Your art is a continuous exploration of the nude female form and you have even stated, ‘I love painting skin, layers and layers of it…’ What is it about the female figure that you find so intriguing and inspiring?
I like the vulnerability and honesty of an unclothed person and I’m fascinated by the colors within skin - how quickly they can shift and act as an emotional barometer. As for the female aspect, my paintings always start from something intensely personal - and up to this point, if I’m directing that through a human a figure, it has made sense to have it be female. I do intend to branch out into male nudes this year - though it’s somehow more daunting to ask a man to strip and let me scrutinize him from all angles. I feel a great desire to explore the masculine musculature and skeleton, strip off a few layers of skin, see what I might find.
In addition to the figurative elements, birds are a constant theme in your paintings as well. Tell us more about this. What symbolic meaning do these creatures hold for you?
The birds have all been inspired by the sparrow who lived (un-caged) with me for 4 ½ years. While I’d always had deep and sympathetic relationships with all sorts of animals, he brought the world of bird personality into my mind and daily life with astounding detail and clarity. So, I wouldn’t say that birds are symbols for me - it’s more that the birds I paint are echos of the heartbreaking love I felt for one particular sparrow.
Using exotic woods such as Wenge, Zebrawood and Sapele as your canvas, simultaneously adds a bit of transparency while heightening the texture within your work. What about this medium attracts you over traditional canvas and paper?

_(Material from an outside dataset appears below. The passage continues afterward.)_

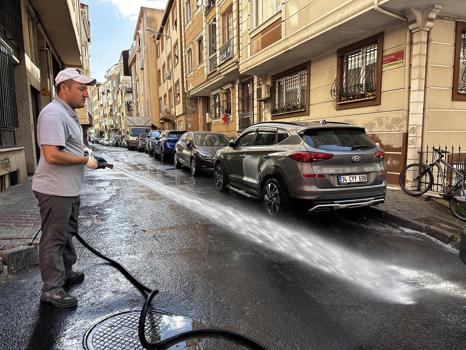 Kâğıthane’de sokak yıkama çalışmaları devam ediyor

The various woods all take the paint differently and impose constraints on my technique. I must be more controlled and deliberate - it’s a challenge. Plus, the right grain can be very like human flesh and influence the story I’m trying to tell. With canvas I allow my craziness to stalk around a bit more - it’s easier to hide under another layer of paint if it gets to be too much, something I can’t do with the raw wood.

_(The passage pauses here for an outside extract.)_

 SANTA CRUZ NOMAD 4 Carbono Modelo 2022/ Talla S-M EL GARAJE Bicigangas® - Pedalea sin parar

If you could hang only one artwork from art history in your home or studio, what would it be and why?
One? Impossible. It would be entirely influenced by my frame of mind when I chose and I’d end up with something I’d have to cover up half the time because of the emotions it’d bring up. And you don’t do that to a painting.
Tell us something about yourself we wouldn’t necessarily know.
I have a deep well of rage within my soul and I like climbing trees.
If I were to spend the day with Sarah what could I expect?
You could expect me to ask you to leave so I could get some work done - or I might ply you with alcohol and try to get you to go dancing.